→ **PROMPT**:
Once you have checked each line below for the word "Ford", give the number of lines that have it and nothing further.

[[ AVAILABLE DATA, beginning ]]

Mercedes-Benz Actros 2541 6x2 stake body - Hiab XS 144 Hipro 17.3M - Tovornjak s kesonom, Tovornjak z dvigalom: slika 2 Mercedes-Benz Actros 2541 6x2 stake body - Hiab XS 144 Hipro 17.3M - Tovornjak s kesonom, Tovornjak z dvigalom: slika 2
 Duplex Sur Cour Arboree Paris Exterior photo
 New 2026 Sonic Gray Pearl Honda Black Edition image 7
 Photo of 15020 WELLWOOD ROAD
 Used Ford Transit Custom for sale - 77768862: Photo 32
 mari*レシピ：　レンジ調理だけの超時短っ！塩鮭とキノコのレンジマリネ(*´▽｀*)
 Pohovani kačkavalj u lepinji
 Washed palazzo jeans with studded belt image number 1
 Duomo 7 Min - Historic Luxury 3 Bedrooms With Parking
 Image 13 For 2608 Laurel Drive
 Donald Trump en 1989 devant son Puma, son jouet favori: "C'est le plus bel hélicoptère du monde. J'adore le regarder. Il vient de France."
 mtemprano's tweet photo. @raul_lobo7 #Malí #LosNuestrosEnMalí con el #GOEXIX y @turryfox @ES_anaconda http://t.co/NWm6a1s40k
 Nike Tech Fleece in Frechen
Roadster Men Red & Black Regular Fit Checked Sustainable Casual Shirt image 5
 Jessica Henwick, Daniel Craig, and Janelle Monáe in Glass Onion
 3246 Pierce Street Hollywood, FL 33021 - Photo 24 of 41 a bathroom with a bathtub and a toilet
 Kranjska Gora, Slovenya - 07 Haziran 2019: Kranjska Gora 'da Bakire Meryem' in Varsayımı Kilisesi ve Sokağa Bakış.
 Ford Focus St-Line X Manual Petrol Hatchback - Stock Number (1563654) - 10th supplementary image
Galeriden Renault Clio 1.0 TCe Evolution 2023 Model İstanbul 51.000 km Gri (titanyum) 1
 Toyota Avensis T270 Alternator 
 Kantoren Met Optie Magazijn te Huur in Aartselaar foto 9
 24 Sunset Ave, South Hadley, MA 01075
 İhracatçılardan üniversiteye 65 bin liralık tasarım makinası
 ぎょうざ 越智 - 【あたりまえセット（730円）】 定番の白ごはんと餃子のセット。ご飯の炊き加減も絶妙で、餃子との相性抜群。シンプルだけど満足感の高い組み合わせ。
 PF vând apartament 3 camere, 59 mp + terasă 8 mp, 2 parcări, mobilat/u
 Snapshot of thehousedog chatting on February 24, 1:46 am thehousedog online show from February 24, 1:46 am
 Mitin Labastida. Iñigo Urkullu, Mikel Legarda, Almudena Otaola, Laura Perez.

[[ AVAILABLE DATA, end ]]

→ **EXERCISE ANSWER**:
2